Saturday, August 29, 2009

derby

Maker's Mark Mint Julep is going to be the death of me. It is so yummy and reminds me of The Great Gatsby. Today we are going to muddle berries into it and create our own version of a bourbon cobbler.

Ron is over at his parents house helping with yard work and I am home with my little nuzzling cold. Its no fun being sick on a Saturday. Its no fun being sick and depressed at the same time.

I feel like I'm somewhere I don't want to be. Wandered and trapped in this scathing disease. I'm lost and lonely and all I can think of is how my head is pounding. My heart is fumbled, silica, I am amongst the glass works--fragile and fibrillated.

Friday, August 28, 2009

lullaby

Here is our new clock. I absolutely adore it and think it will look marvelous on our blue green walls in the living room. Now just to hang it...

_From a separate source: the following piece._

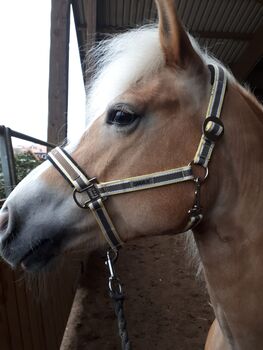 Halfter gelb-braun, Eskadron Halfter , Anette Lindskov Bartels , Halters, Uetersen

I think I am getting a cold. I feel like it never ends for me. I start feeling a little better then get food poisoning, I feel better from that then a cold. Sometimes I wonder if God is up there laughing at me. I will just lay down on my chaise with my soft ivory blanket with the blue coral and rest. But I'm tired of resting. So tired of it in fact.

I am reading Unholy Ghost: Writers on Depression. Its stunning and personal, makes me feel less alone. To know someone else is tired of making breakfast every day. Someone else can't keep a gun in the house because they don't trust themselves. Someone else has developed precise checks and balances in their mind in order to stay on earth. One poem in the book that hits me hard:

When I was born, you waited
behind a pile of linen in the nursery,
and when we were alone, you lay down
on top of me, pressing
the bile of desolation into every pore,

And from that day on
everything under the sun and moon
made me sad-

My doctor and I have tracked (as well as we could) my depression to when it started, and it seems to have began around the time I was four or five. To look back at myself in a motherly way and see that sadness, that despair, breaks my heart. I wish I could go back and remind that little girl that she was not alone and to insist to her mother that she needs help. I wish I could go back and maybe stop some of this hell that I am mired in.

Thursday, August 27, 2009

(mostly) clean house

Yesterday I had energy. It was an amazing amount of energy. I was able to go out by myself and run errands (something I haven't done in weeks). I came home and cleaned, dusted, did some laundry and even had the energy to make pasta for dinner. It was wonderful to say the least I hardly needed a nap in the afternoon but took a small rest anyway. Today I still feel a slight pulse of energy. What an interesting and exciting turn of events.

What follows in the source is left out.